А на трибуне Сарданапал, улыбаясь, подошел к Амату. Тренер бабаев хмуро сунул ему Амулет Истины. Прозрачный камень был теперь черным как смоль, что неудивительно: Амат был зол как собака. Лишь в руках у академика он вновь приобрел прежний вид.
– Ну что, Амат, чья взяла? – спросил Сарданапал.

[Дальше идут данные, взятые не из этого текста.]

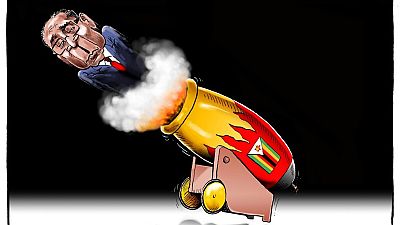African cartoonists join Mugabe exit party with colour and fun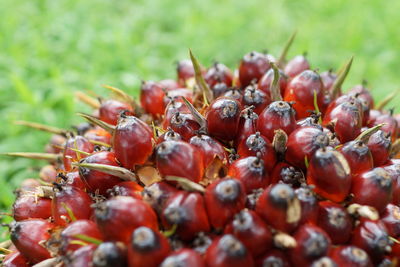 Close-up of cherries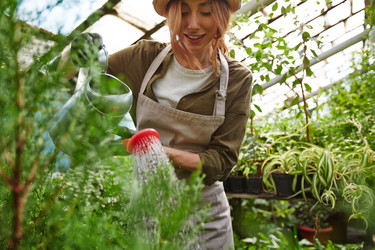 Similar image 11513210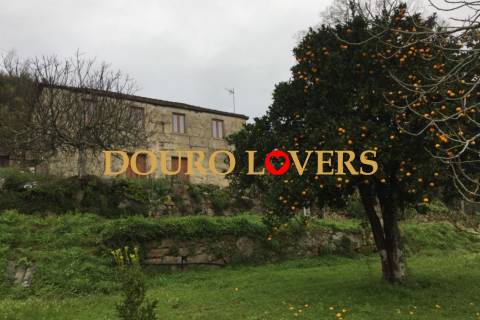 Quinta agrícola em Marco de Canaveses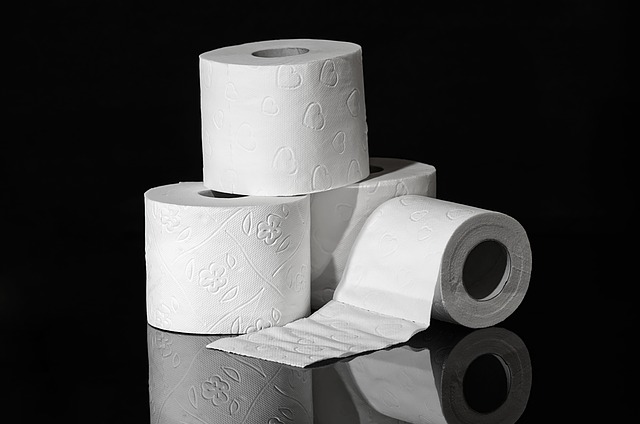 Toilet Paper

– Если бы не этот ваш гениальный девчонка, все сложилась бы по-другому! Она поломать нам всю игру! Почему ее фамилий есть Гроттер? Она родственница Леопольда? – раздраженно спросил египтятин.
– И очень близкая. Это его дочь, – пояснил академик.
Пораженный бабай всплеснул руками, нечаянно заехав по носу одному из арбитров.
– Что? – воскликнул он. – Я об этом ничего не ведать! Так это та Таня, которая победить Ту-Кого-Нет! Тогда я понимать, почему она побить мои мальчики! Только недолго осталось ей играть в драконбол! Смерть стоять у нее за плечами и говорить ха-ха!
Усы Сарданапала недобро встопорщились.
– Это что, угроза? – холодно спросил академик.
В его голосе появилось нечто такое, отчего Амат тревожно сузил глаза. Одновременно он на всякий случай отодвинулся от бороды Сарданапала, явно имевшей намерение его придушить.
– О нет, академик! Это не угроза! – поспешно сказал тренер бабаев. – Мои мальчики и я не причиним ей вреда. Мы умеем достойно проигрывать. Но перед чемпионатом мы всегда гадать на бараний лопатка! Бараний лопатка сообщать, что кто-то победить нас в честный бой – один против многих. Если бы я знал, что это произойти в первой же игре, я никогда бы не спорил на ваш перстень! Еще лопатка сказать, что тот, кто побить мои мальчики, должен потом бояться стекло! Очень бояться стекло! Если вы мне не верить, взгляните на мой… уже на ваш… Амулет Истины.
Сарданапал задумчиво взглянул на выигранный амулет. Камень, похожий на янтарную слезу, и не думал багроветь. Египтянин говорил правду.
Баб-Ягун уронил голову на учебник по нежитеведению, который тотчас принялся сочувственно обмахивать его страницами.
– Все! Я больше не могу! Пусть меня лучше зомбируют! – простонал он. – Мы герои матча с бабаями, гордость Тибидохса! Мы помогли Сарданапалу сохранить перстень и выиграли ему Амулет Истины! Ну скажи: разве можно задавать нам столько уроков?
– Чего ты ко мне пристал? Я тебе, что ли, задаю? Жалуйся Медузии! – огрызнулся Ванька Валялкин.